In Psalm 32, 2-5 heißt es: »Wohl dem Menschen, dem der Herr die Schuld nicht zur Last legt und dessen Herz keine Falschheit kennt. Solang‘ ich es verschwieg, waren meine Glieder matt, den ganzen Tag musste ich stöhnen. Denn deine Hand lag schwer auf mir bei Tag und bei Nacht; meine Lebenskraft war verdorrt wie durch die Glut des Sommers.
Da bekannte ich dir meine Sünde und verbarg nicht länger meine Schuld vor dir. Ich sagte: Ich will dem Herrn meine Frevel bekennen. Und du hast mir die Schuld vergeben.«
Wer um Verzeihung bittet, erkennt Gott an
«Ich bitte nur jemanden um Verzeihung, dem ich auch etwas angetan habe.» – «Warum Gott meine Sünden beichten – wenn ich doch meinen Freund beleidigt habe?» Und: «Wenn ich meinen Freund um Verzeihung gebeten habe – warum dann noch beichten gehen und es auch noch Gott sagen?»
Weil Gott auch enttäuscht ist, wenn ich meinen Freund belüge. Gott liebt ja nicht nur mich – sondern auch die Menschen, an denen ich mich versündige – und sei es nur, dass ich schlecht über andere gedacht habe.

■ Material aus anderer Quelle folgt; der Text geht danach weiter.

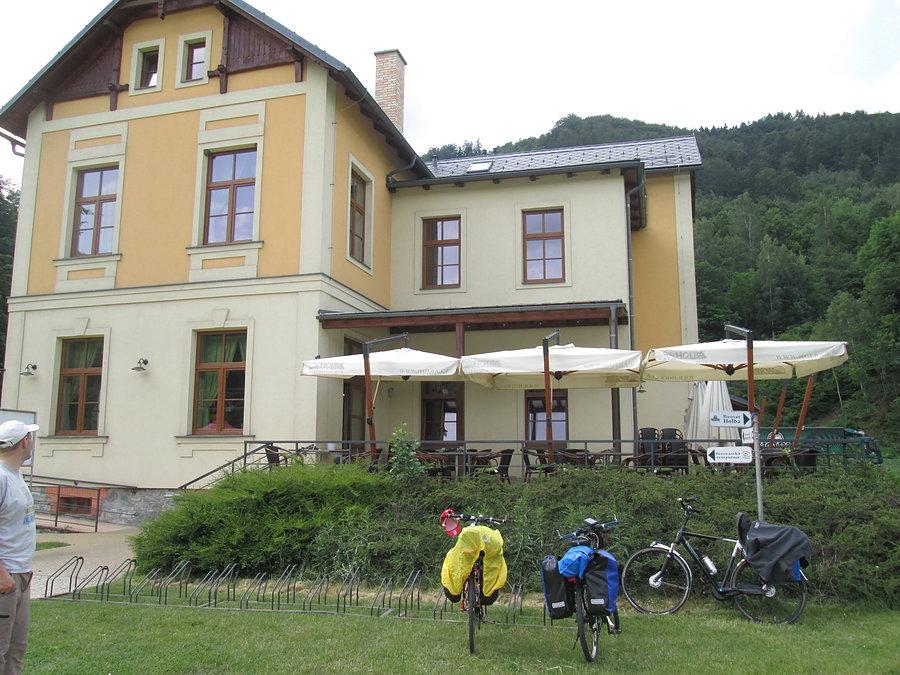 Pod Pivna restaurace Holba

Wenn Mama ihren beiden Söhnen aufträgt: »Seid schön artig, während ich einkaufe! Und nicht schon wieder streiten!« – und dann die beiden Kinder prompt in erbittertem Streit ausbrechen, sich versöhnen und vertragen, bevor Mama wiederkommt – werden die beiden dann nicht auch, weil sie Mama mögen, ihr ohne Not ihren Streit beichten?
Gott ist kein Polizist, der mich nur deshalb bestraft, weil ich eine Regel übertreten habe. Sondern Gott ist der Schöpfer aller Menschen und der Vater aller Christen, der auch mitleidet, wenn ich meinen Mitgeschöpfen Leid antue.